Sept. 16, 2015
For Immediate Release
WATERLOO – Award-winning musician, author and playwright Tomson Highway will perform at Wilfrid Laurier University’s Waterloo campus on Friday, Sept. 25 at 10 a.m. during Laurier’s Homecoming weekend celebrations.
The event, titled “A morning with Tomson Highway: The place of Aboriginal literature and writing within the context of Canadian literature,” will begin a new tradition of programming events focused on Laurier’s Aboriginal alumni and community during Homecoming weekend. The event is led by the Office of Aboriginal Initiatives, in partnership with the Laurier Library, Department of English and Film Studies, Development and Alumni Relations office and WLU Press.
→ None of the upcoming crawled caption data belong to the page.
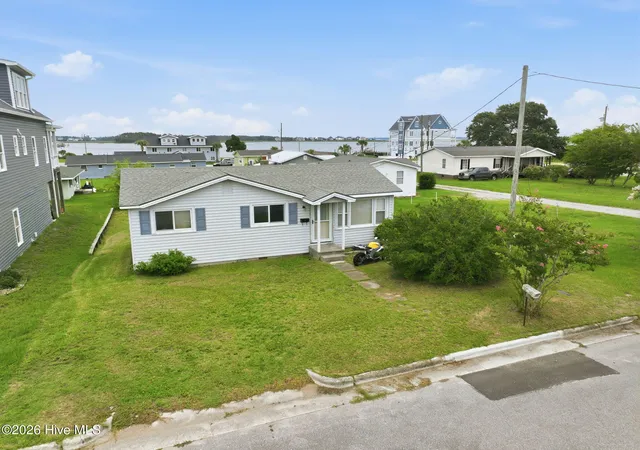 Photo 3 of Single family home for sale at 1106 Avery St, Morehead City, NC 28557 | MLS# 100594063 | Listing updated on 2026-09-02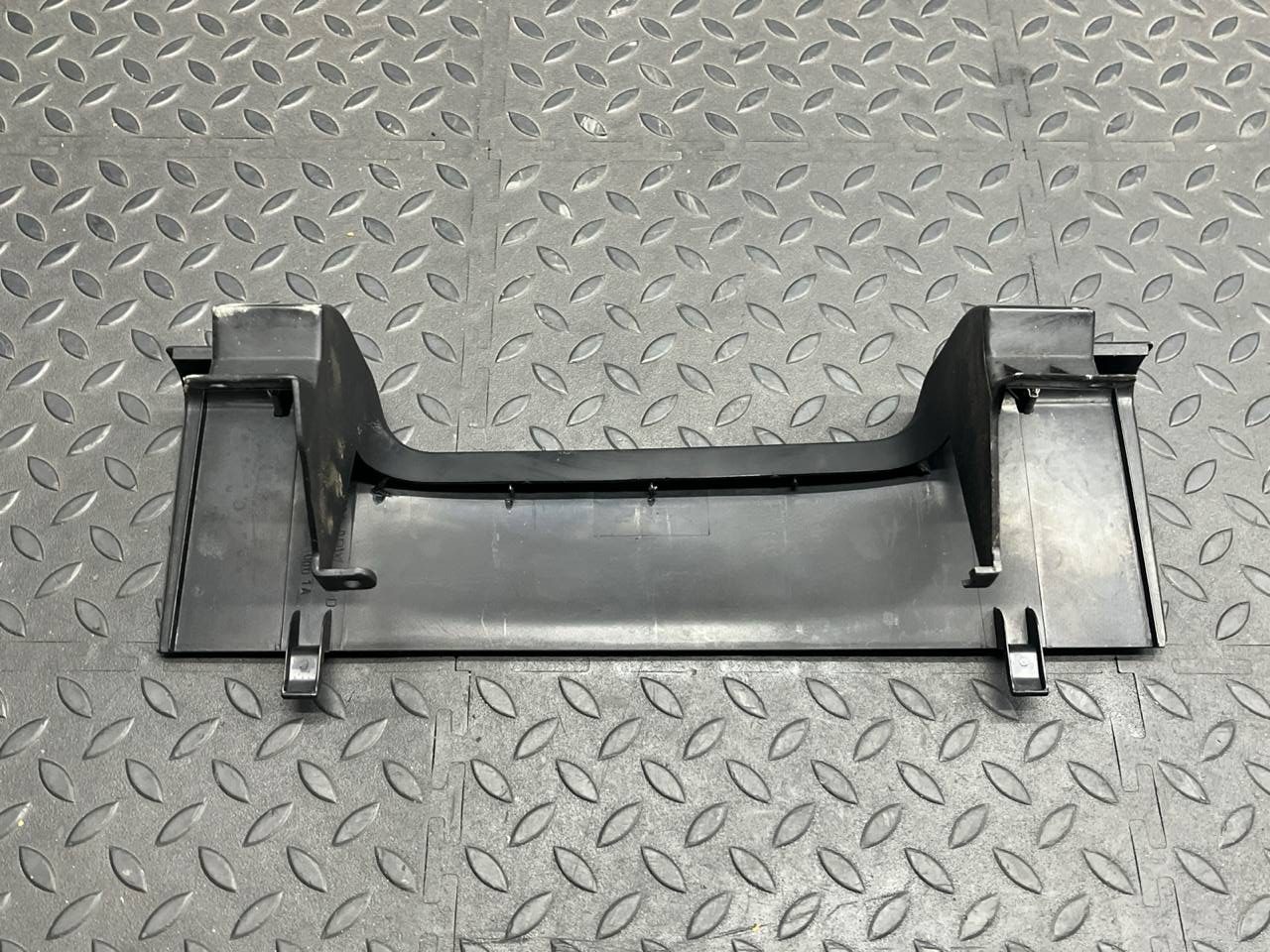 Кожух рулевой колонки верхний Ford Mondeo/3 2000-2007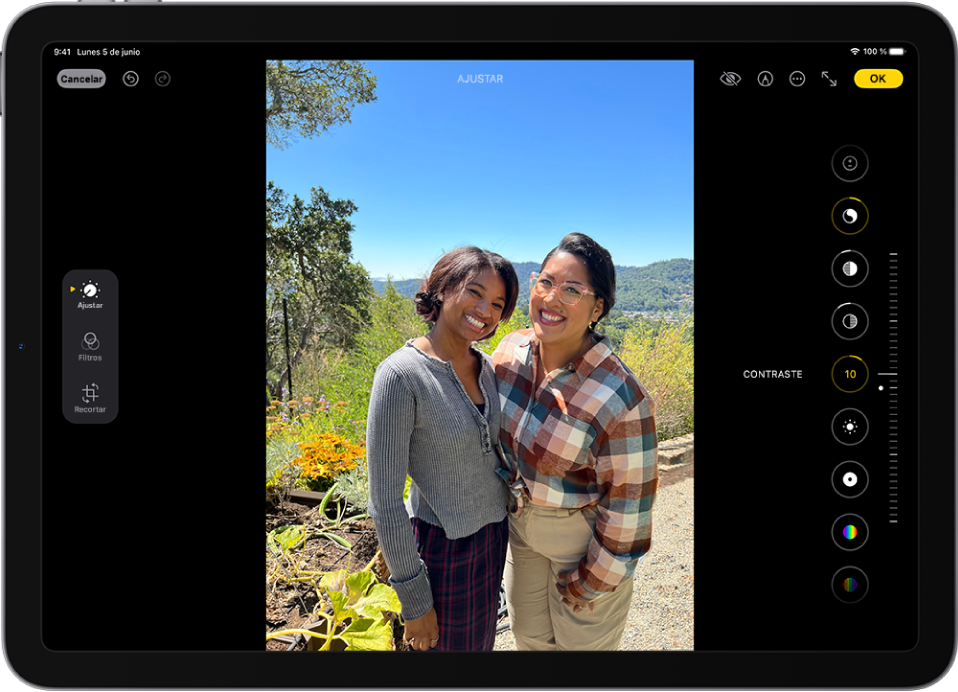 Pantalla de edición en la app Fotos con una foto en el centro. A la izquierda de la foto están los botones Ajustar, Filtros y Recortar; Ajustar está seleccionado. A la derecha de la foto están los botones de los efectos de edición y un regulador para ajustar el nivel del efecto.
“As the Aboriginal Student Centres in Waterloo and Brantford are headed into their fifth year of operation, we will now look for more opportunities to respectfully engage Aboriginal alumni and other interested parties with exciting, campus-wide events,” said Jean Becker, senior advisor: Aboriginal Initiatives. “We look forward to re-connecting with alumni we know and meeting others for the first time.”
Highway is a novelist, playwright and musician, and a Cree of the Barren Lands First Nation in Nunavut. Highway studied music and English literature at the University of Manitoba and the University of Western Ontario, earning both his Bachelor of Music Honours and Bachelor of Arts. He worked in the field of Aboriginal social work for seven years, but left to pursue the arts. He achieved national and international recognition in 1986 with his sixth play, the multi-award-winning The Rez Sisters. Since then, he has written award-winning plays, held the position of artistic director of Native Earth Performing Arts, and published a bestselling novel, Kiss of the Fur Queen, as well as three children’s books.
Among the many awards he has received are the Dora Mavor Moore Award for Best New Play and Best Production, the Floyd S. Chalmers Canadian Play Award, the Toronto Arts Award, the Wang Harbourfront International Festival of Authors Award, the Silver Ticket Award, the National Aboriginal Achievement Award (2001), the Order of Canada (1994), and many others. He is the recipient of 10 honorary doctorates and has held writer-in-residence positions at several Canadian universities.
The Sept. 25 event is free and open to the general public beginning at 10 a.m. and will be held in the Hawknest, located in Laurier’s Turret Nightclub.